=== Begin Enclosure ===
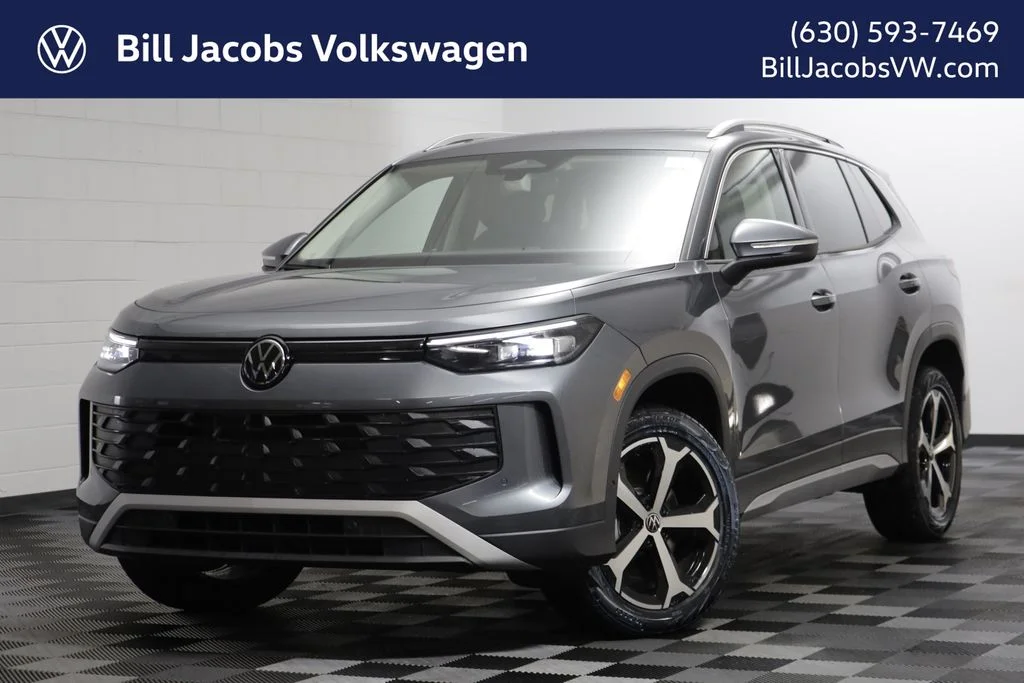 New 2026 Platinum Grey Volkswagen 2.0T SE image 1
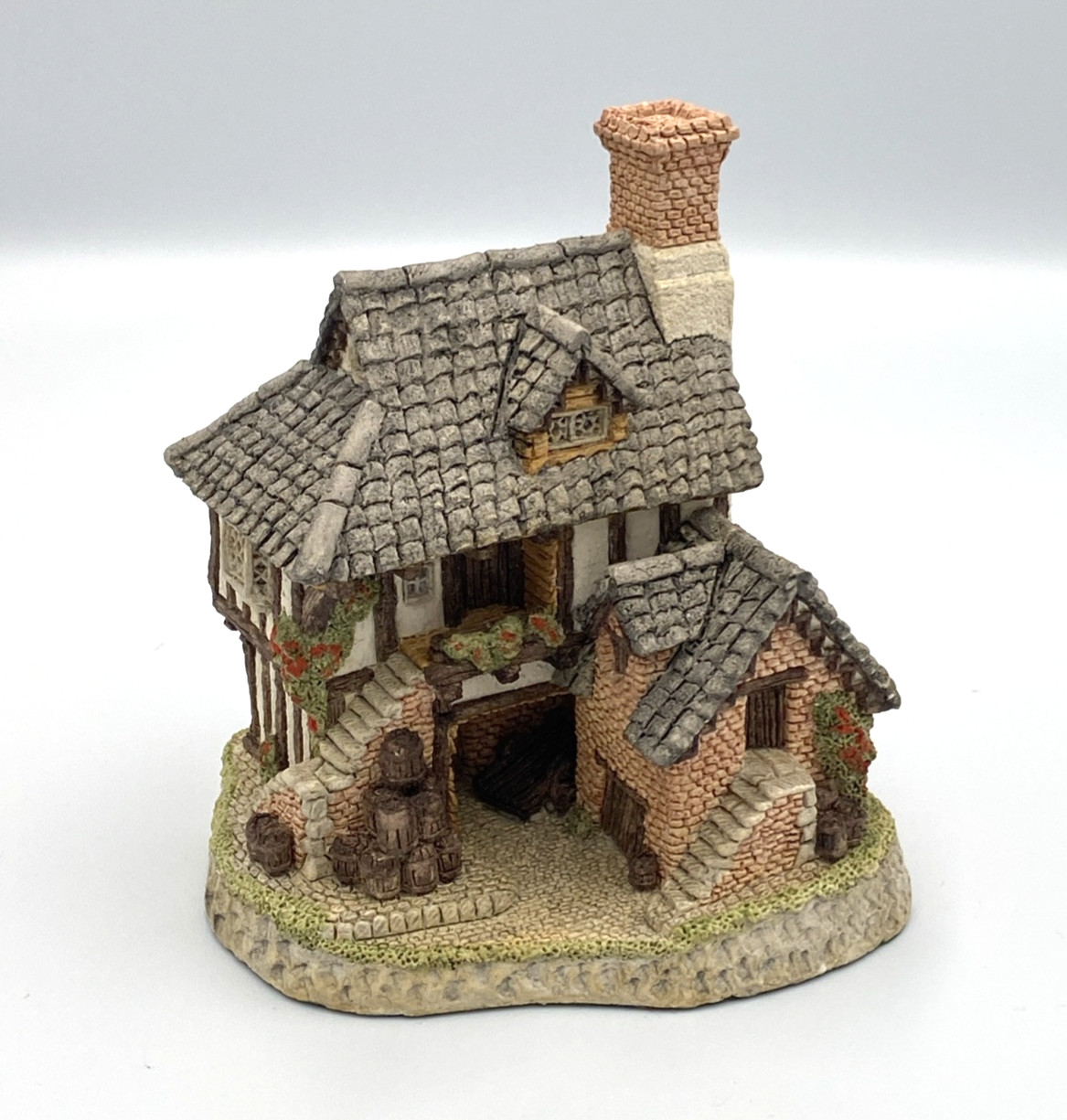 David Winter Coopers Cottage Retired Hand Painted 1985 Great Britian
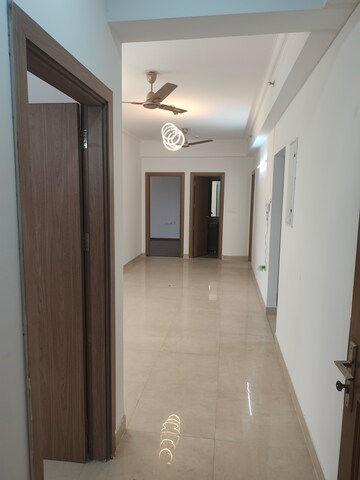 Building Lobby in 3.5 BHK Apartment at ATS Homekraft Pious Hideaways, Sector 150 – for Rent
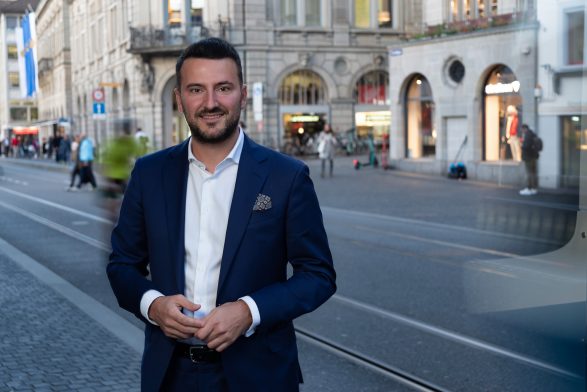 De partij, een Albanees voor burgemeester van Zürich, nomineert Perparim Avdili om de Zwitserse stad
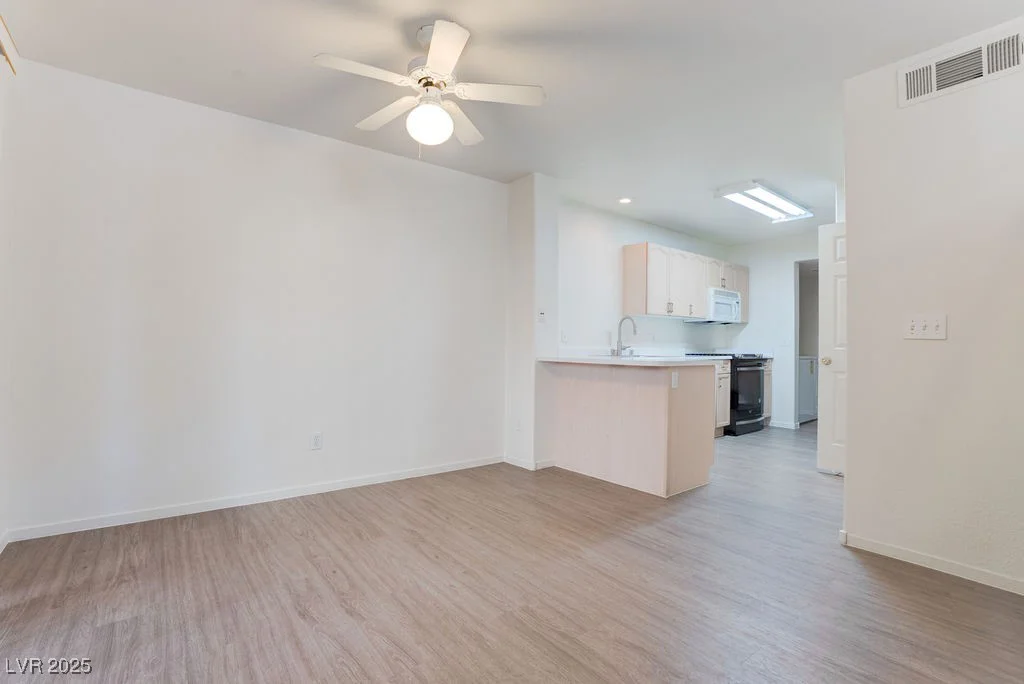 9672 Gunsmith, Las Vegas, NV 89123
=== End Enclosure ===
AIM OF THE TASK >> Return, exactly and without extra lines, everything from the line with "Building Lobby in" through the last line of the material above, both included. Pictures must be dropped.

ANSWER SPACE >>
 Building Lobby in 3.5 BHK Apartment at ATS Homekraft Pious Hideaways, Sector 150 – for Rent
 De partij, een Albanees voor burgemeester van Zürich, nomineert Perparim Avdili om de Zwitserse stad
 9672 Gunsmith, Las Vegas, NV 89123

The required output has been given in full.